● Work to be completed
Copy only the lines from the one containing "Building Photo - Stunning" through the final line of the records below, exactly as written, with no pictures.

● Task input
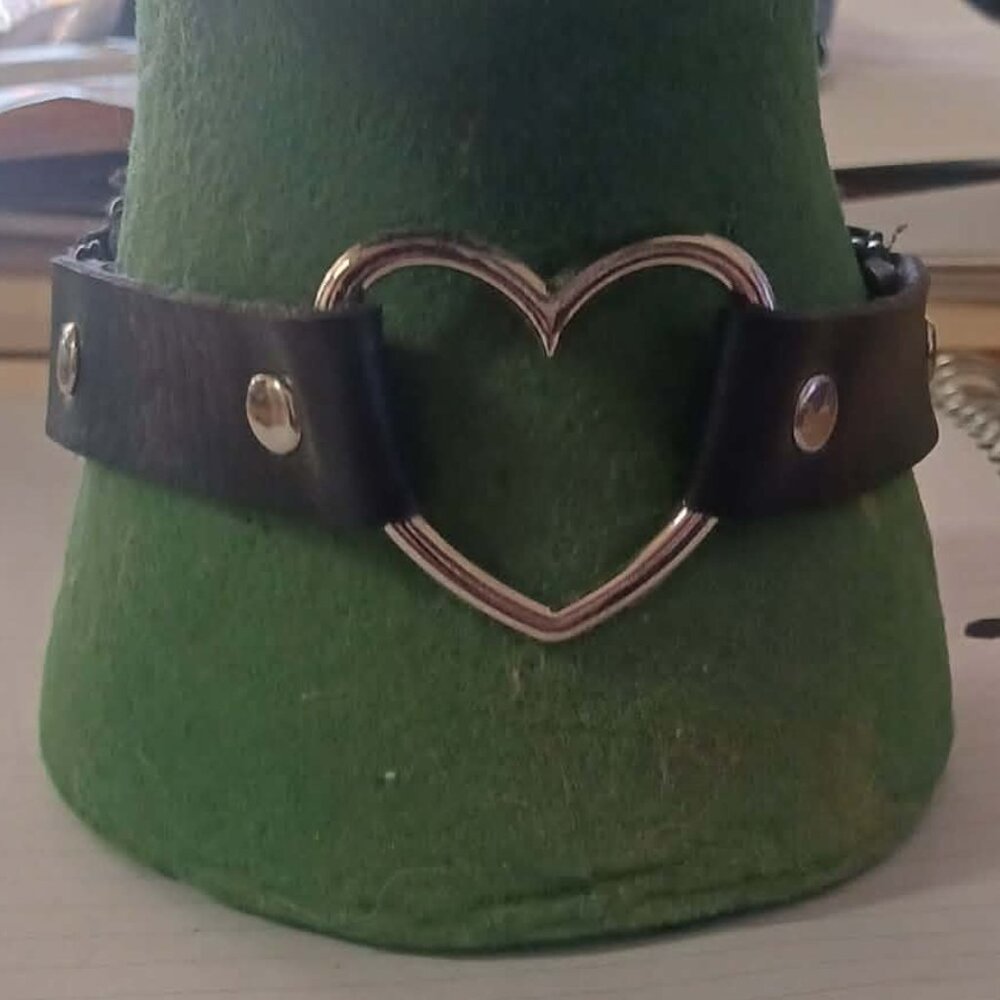 Adjustable silver heart choker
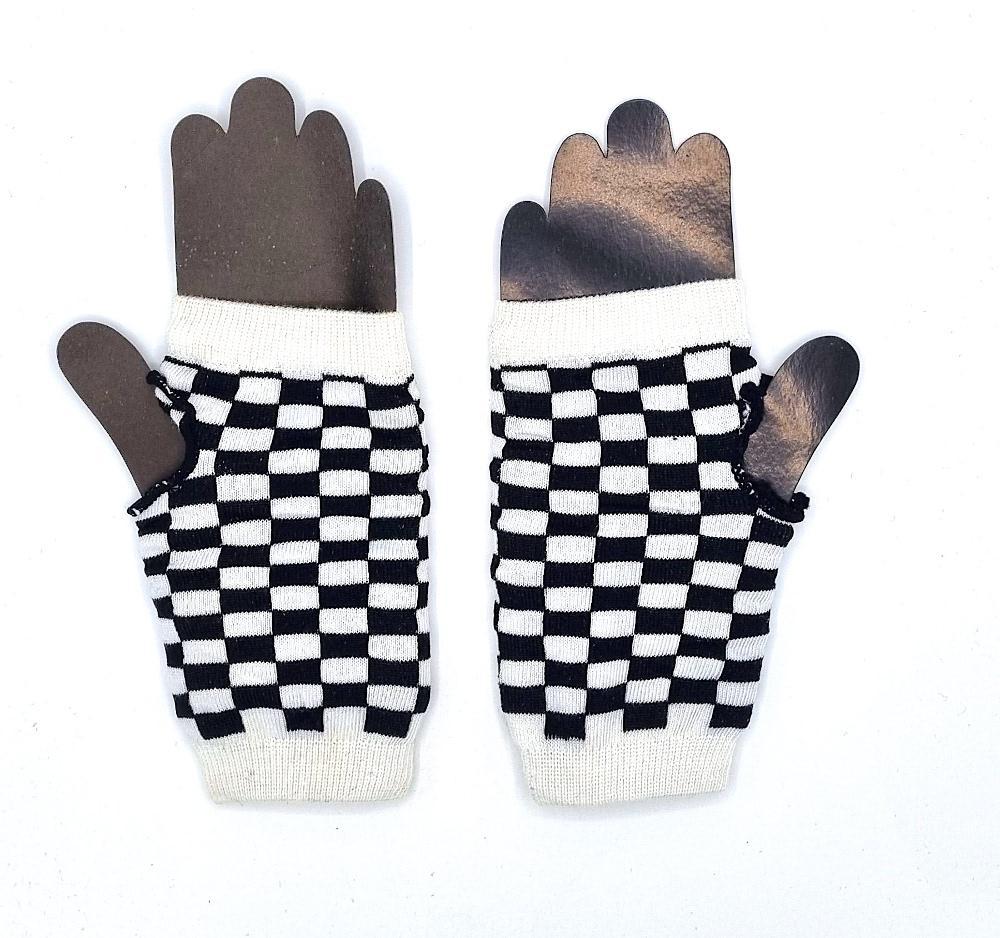 Fingerlösa vantar - Rutiga – produktbild – Hiprock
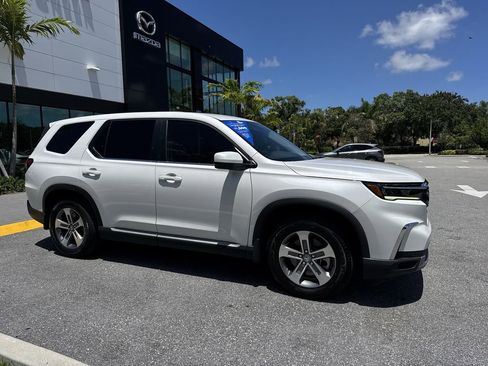 Used 2024 Honda Pilot EX-L image 6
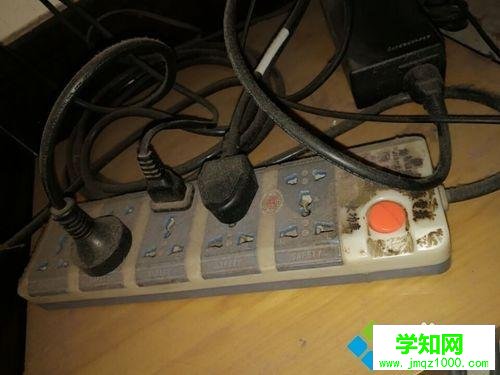 電腦為什么會自動重啟？電腦自動啟動的解決方法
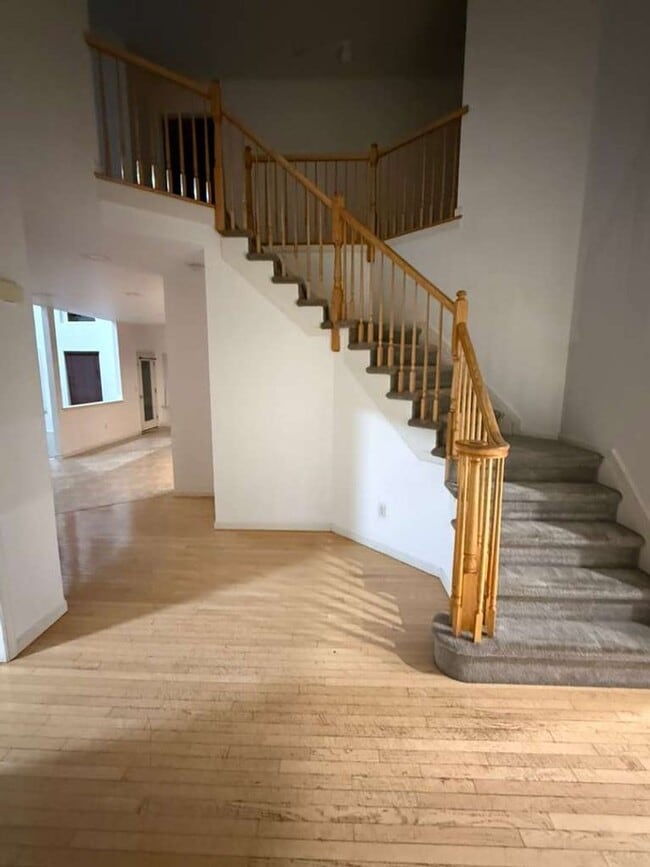 Building Photo - Stunning Home with Private Pool in Manchester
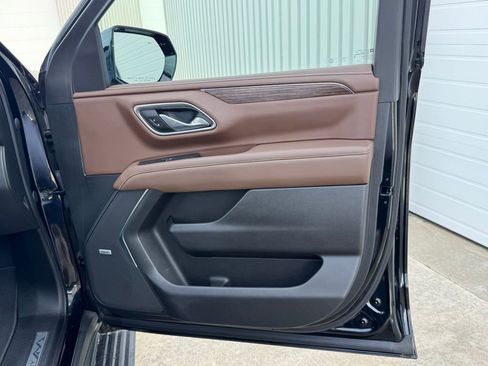 Used 2023 Chevrolet Tahoe High Country w/ Premium Package 2 RWD image 49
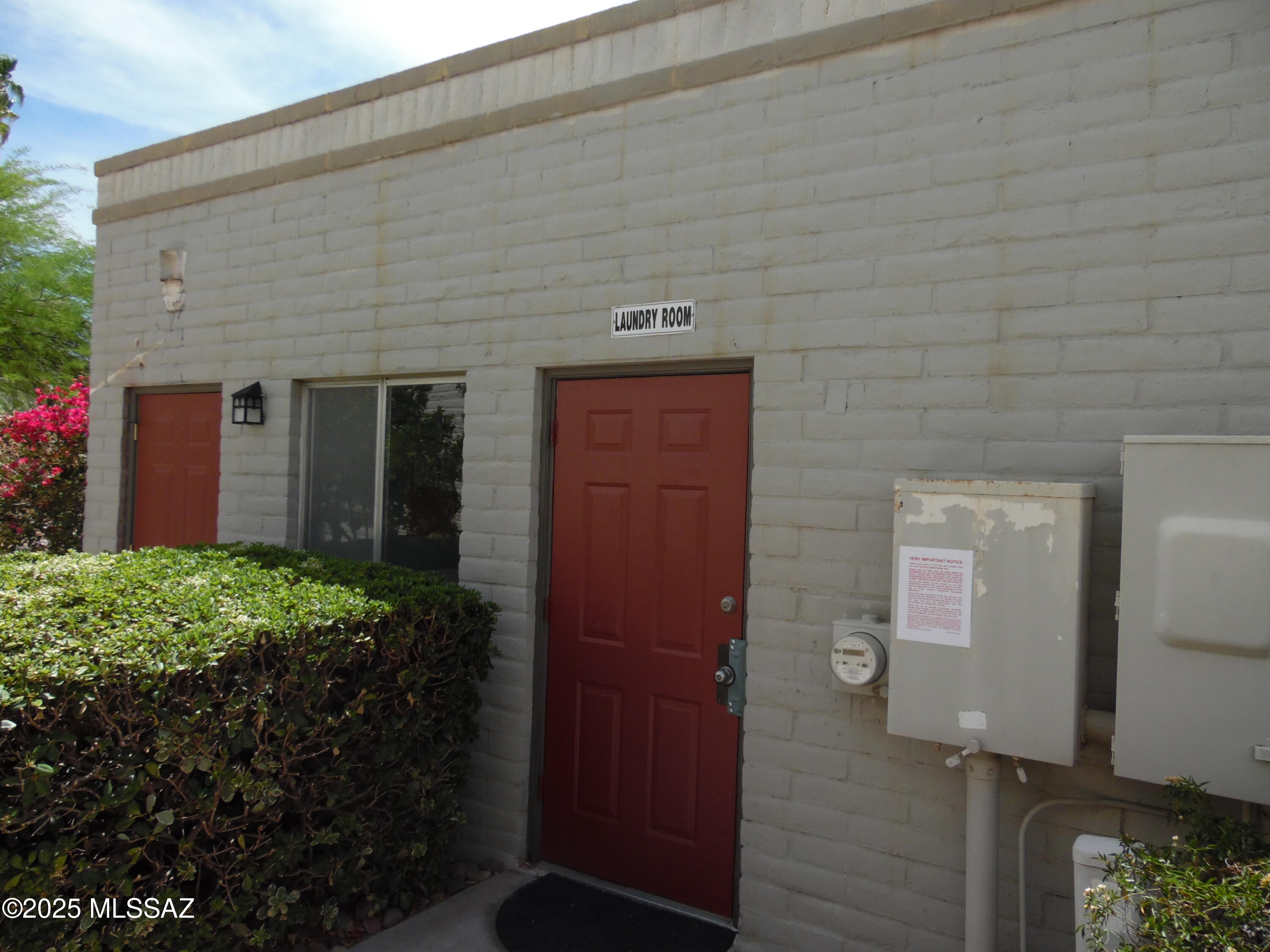 Tucson, Arizona 85710, United States, 2 Bedrooms Bedrooms, ,2 BathroomsBathrooms,Residential,Active,130282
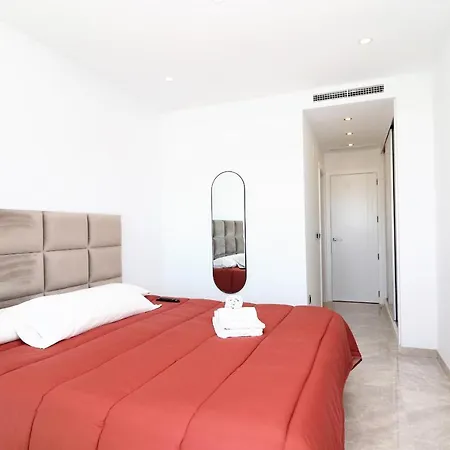 Sunset Waves 1-2 شقة *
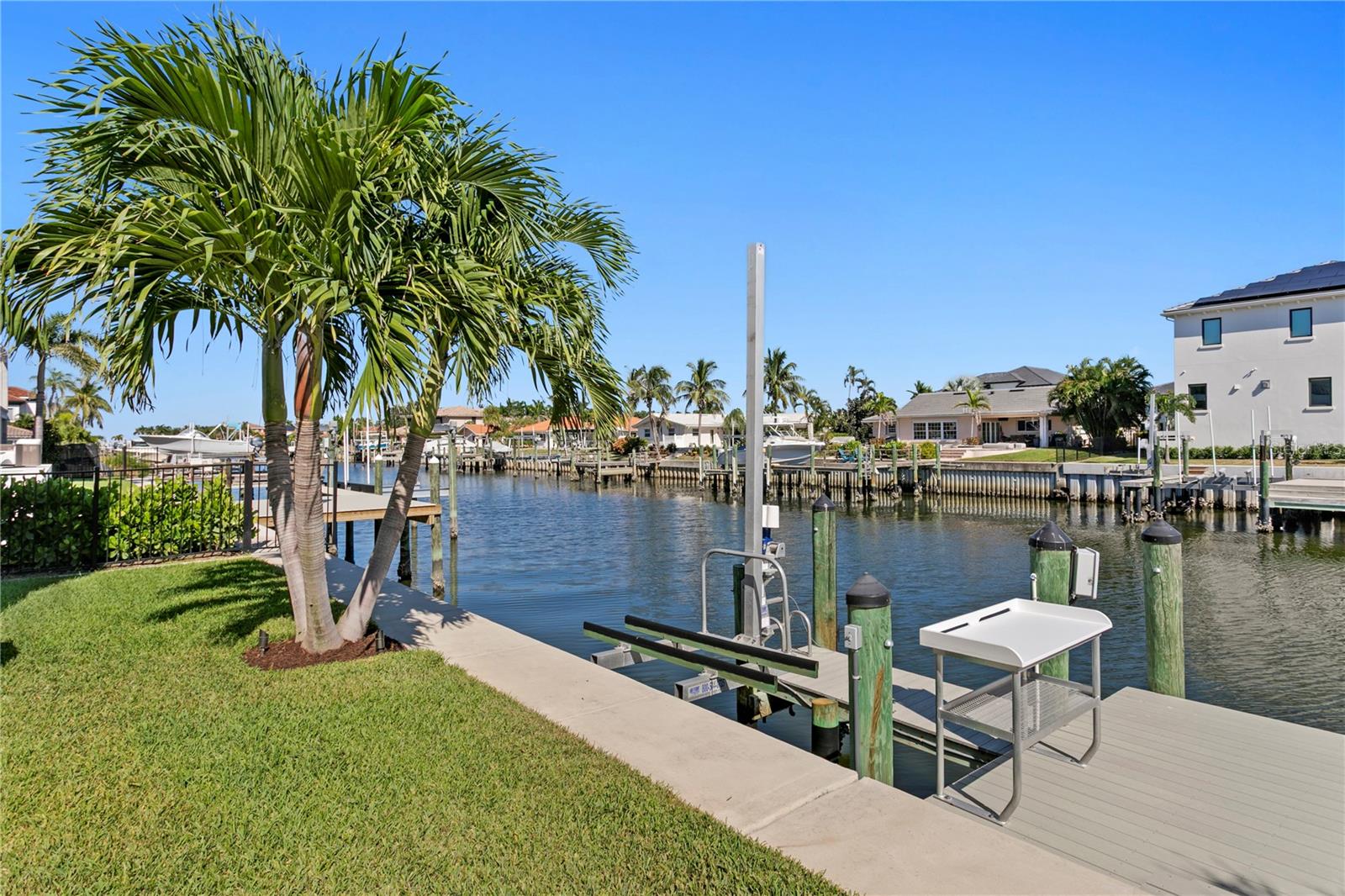 Image 40 of 79 For 1934 Hawaii Avenue Ne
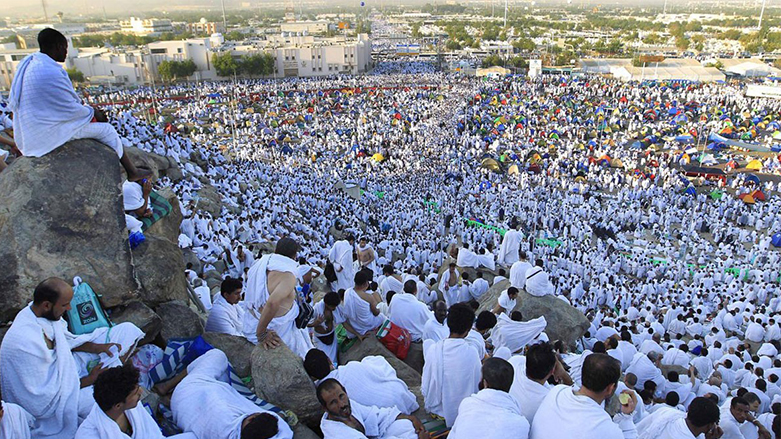 الحجاج يؤدّون الركن الأعظم للحج في أجواءٍ شديدة الحرارة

● Response box
 Building Photo - Stunning Home with Private Pool in Manchester
 Used 2023 Chevrolet Tahoe High Country w/ Premium Package 2 RWD image 49
 Tucson, Arizona 85710, United States, 2 Bedrooms Bedrooms, ,2 BathroomsBathrooms,Residential,Active,130282
 Sunset Waves 1-2 شقة *
 Image 40 of 79 For 1934 Hawaii Avenue Ne
 الحجاج يؤدّون الركن الأعظم للحج في أجواءٍ شديدة الحرارة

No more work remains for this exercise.